Sharks have such keen senses that enable them to detect even small amounts of electric current or vibrations (electroreception) and chemical changes in the water (chemoreception). These senses are so acutely specialized that it was assumed that they overcompensate for sharks’ poor vision.
In the late 1960s, researchers discovered that shark eyes have duplex retinas, or retinas containing both rod and cone cells. Rods enable the shark to see light and darkness, while cones allow for the detection of color (though scientists are still unsure how sharks interpret colors). The eye structure of a shark is similar to other vertebrates in that it contains a cornea, lens, retina, pupil and iris. Given their similar structure and usage, shark eyesight works similarly to that of humans.
Unlike humans, shark eyes are equipped with a tapetum lucidum, a layer of mirrored crystals located behind the retina. This provides a means for light that initially escaped detection to be detected as it is passed through the retina a second time. This process defocuses light, reducing acuity but increasing sensitivity. That is, at least you can see, but you don't see as clearly as you would if more light were available and you didn't have to use a tapetum. Such an adaptation enables sharks to see even in dark or murky water and up to ten times greater than humans in clear water. Whereas human eyes are adapted only for land and cannot see in the water, sharks have keen eyesight in the water and may even see out of water.
Also unlike humans, shark eyelids serve to protect the eye when attacking prey. Some sharks have a nictating membrane, or a clear membrane that covers and protects the eye when a shark bites its prey. Sharks like the Great White, lacking a nictating membrane, roll their pupils back in their heads for protection when feeding.
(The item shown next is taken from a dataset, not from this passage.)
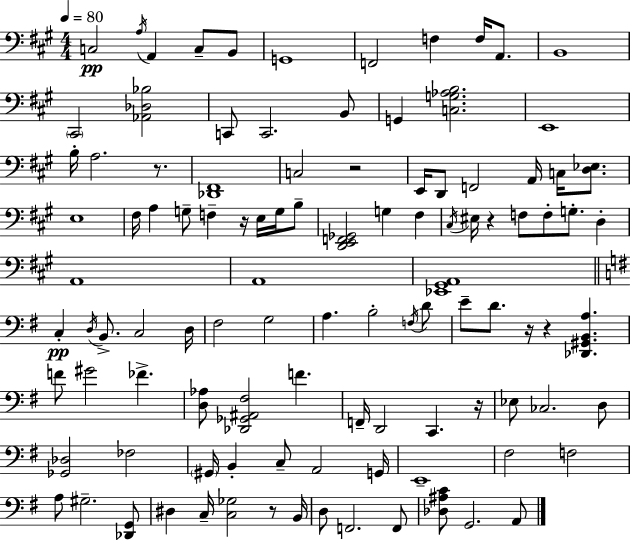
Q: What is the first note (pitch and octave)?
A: C3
Also unlike other animal orders, the size and function of the eye can vary greatly amongst shark species. Sharks are uniquely and amazingly adapted to their in environments in every way including eyesight. Lisney and Collin (2007) conducted a study on the absolute and relative eye size of 46 elasmobranch species. Shark eye and pupil size varied depending on the layer of ocean in which they predominantly reside.
Sharks living in the pelagic (0-200m below the surface) and upper mesopelagic (200-1000m) had the largest eyes presumably because they live in areas with the most available light. In the Bathylpelagic zone (1000-4000m) shark species have smaller eyes with larger pupils so as to increase visual acuity and ability to detect bioluminescence. The feeding habits of sharks also influence eye size, whereas sharks who feed on larger, fast moving prey have larger eyes than sharks who primarily feed on sedentary prey.
Despite their vast sensory abilities, sharks still rely on eyesight when seeking food, therefore, their eyesight is as keenly adapted to their environments as their other senses.